قالب وردپرس درنا توس
Home / Tips and Tricks / Tropical Update: The next storm named could build up over South Florida this weekend

Tropical Update: The next storm named could build up over South Florida this weekend



The system has an 80% chance of developing into at least one tropical depression in the next five days, according to the National Hurricane Center.

It looks more organized on the satellite and should be closely monitored, says CNN meteorologist Taylor Ward.

When it is more organized, forecasting models can better understand how strong it is getting and where it is going.

From Friday afternoon, computer models forecast will show that it will appear in the Gulf and drift towards the Gulf Coast – from the Florida Panhandle to Louisiana.
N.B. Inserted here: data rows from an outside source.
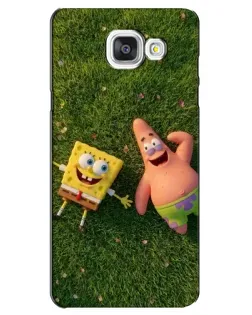 Чехол для Samsung Galaxy A5 2016 (A5100, A510F) с картинкой «Друзья на лужайке»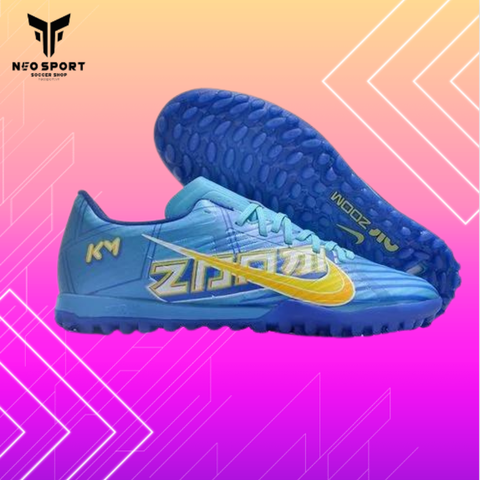  Giày Bóng Đá Cỏ Nhân Tạo Mercurial Vapor 15 Academy SF Mbapee Xanh Bích TF 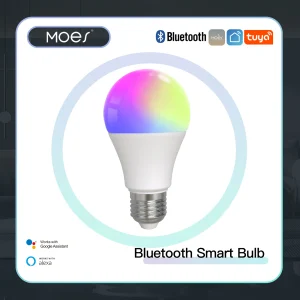 MOES – ampoule Led intelligente Bluetooth, variable, 9W, E27, TUYA, couleur de lumière de fête, variateur réglable, Alexa google Voice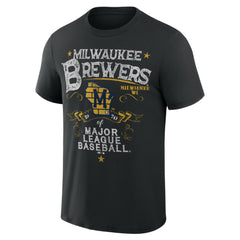 Milwaukee Brewers Darius Rucker Collection by Fanatics Beach Splatter T-Shirt | MLB Discount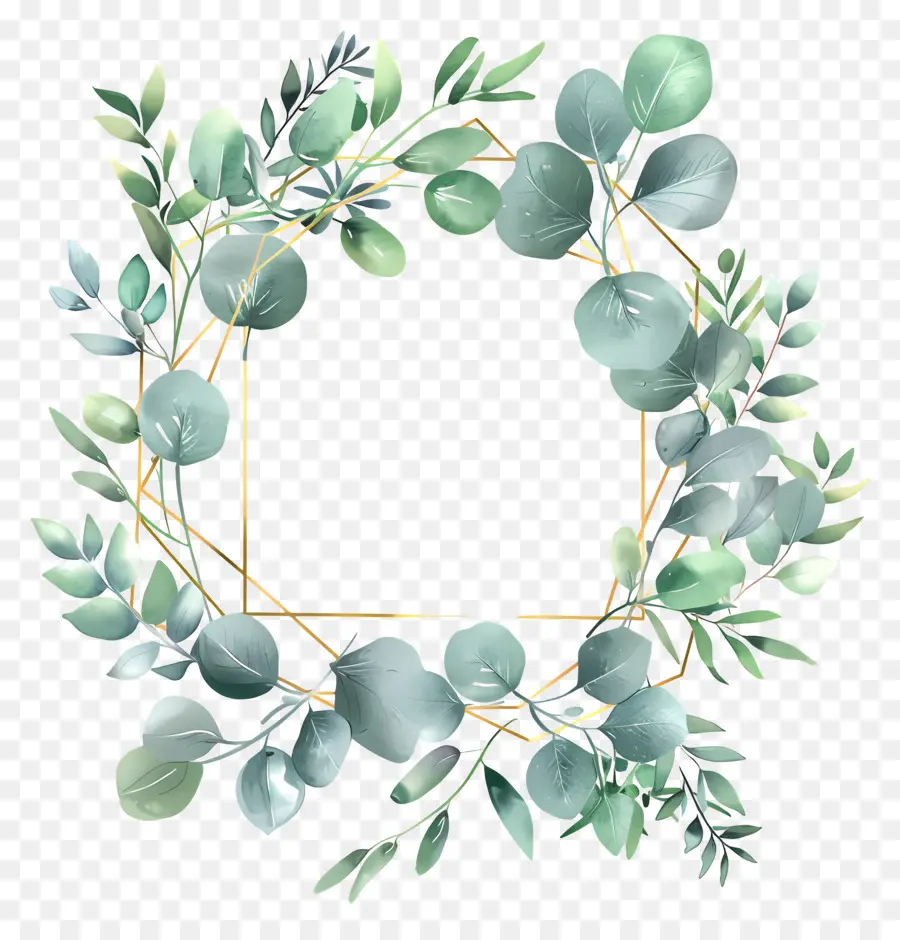 Couronne D'eucalyptus，Couronne Verte PNG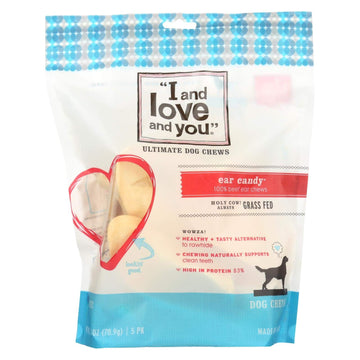 Ear Candy Ultimate Dog Chew - 5 per pack - 6 packs per case. by I AND LOVE AND YOU – 12.5 Ounce (Pack of 6), Pack of 6, Model 00133385
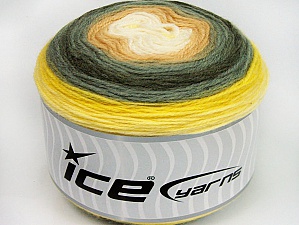 Cakes Wool DK Sarı Tonları Beyaz Açık Kahve Gri Tonları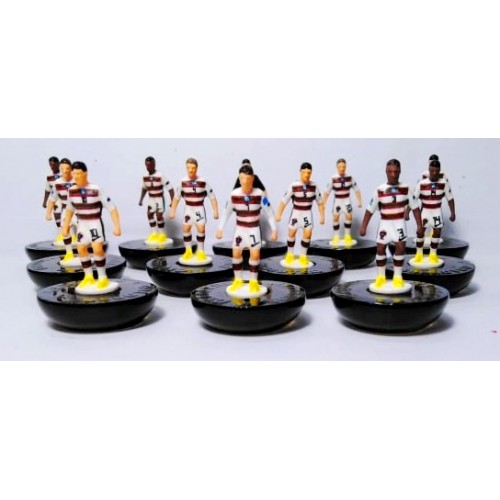 Subbuteo Andrew Table Soccer Portugal EURO 2020 away kit on Classic Hasbro Bases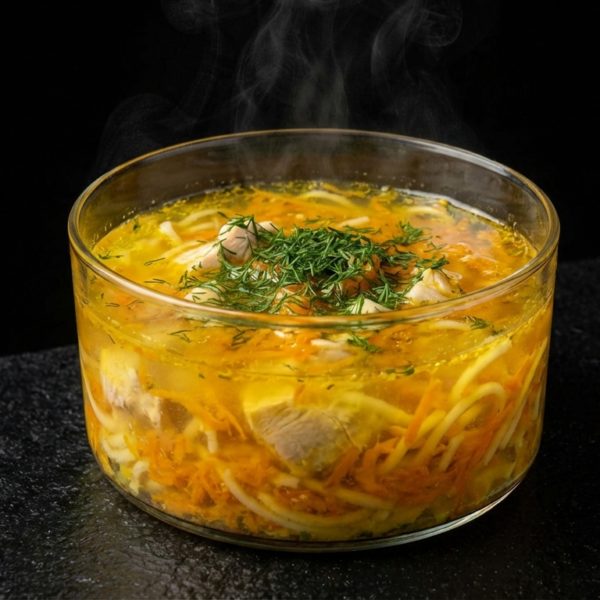 Суп лапша с курицей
Many of these models show it as a tropical disturbance or tropical storm. But some will show a hurricane in the Gulf starting Monday night.

La Niña has arrived.  It could mean the following for you:

If this system gains enough power to be a tropical storm, it will be given one of the next names on the list.
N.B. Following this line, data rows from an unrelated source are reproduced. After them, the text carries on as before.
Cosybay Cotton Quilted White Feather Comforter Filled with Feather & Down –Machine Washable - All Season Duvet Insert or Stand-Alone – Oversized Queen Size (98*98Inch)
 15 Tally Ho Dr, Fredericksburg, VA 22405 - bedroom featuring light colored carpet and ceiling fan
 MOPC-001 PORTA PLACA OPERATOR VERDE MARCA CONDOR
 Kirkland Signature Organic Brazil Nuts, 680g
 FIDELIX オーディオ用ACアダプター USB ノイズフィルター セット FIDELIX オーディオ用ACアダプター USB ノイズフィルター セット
Paulette and Rene are currently over the central Atlantic and do not pose an imminent threat to the country. They are not expected to approach the US.

This means if the system forms over South Florida it would likely be either Sally or Teddy, depending on whether one of the other possible development areas in the Atlantic is named first. Three other areas are currently monitoring developments.

When either of these forms are present, they are the earliest 18th and possibly 19th or even earliest 20th named storms.

The earliest storms of the 18th, 19th and 20th Atlantic ever recorded are: Stan on October 2, 2005, Untitled storm on October 4, 2005, and Tammy on October 5, 2005, said Phil Klotzbach, a scientist from Colorado State University.

“Regardless of development, this system is expected to generate heavy local rainfall over parts of the Bahamas, South Florida and the Florida Keys in the next few days, and interests there and along the northern and eastern Gulf Coasts should do so.” monitor their progress, “said the NHC.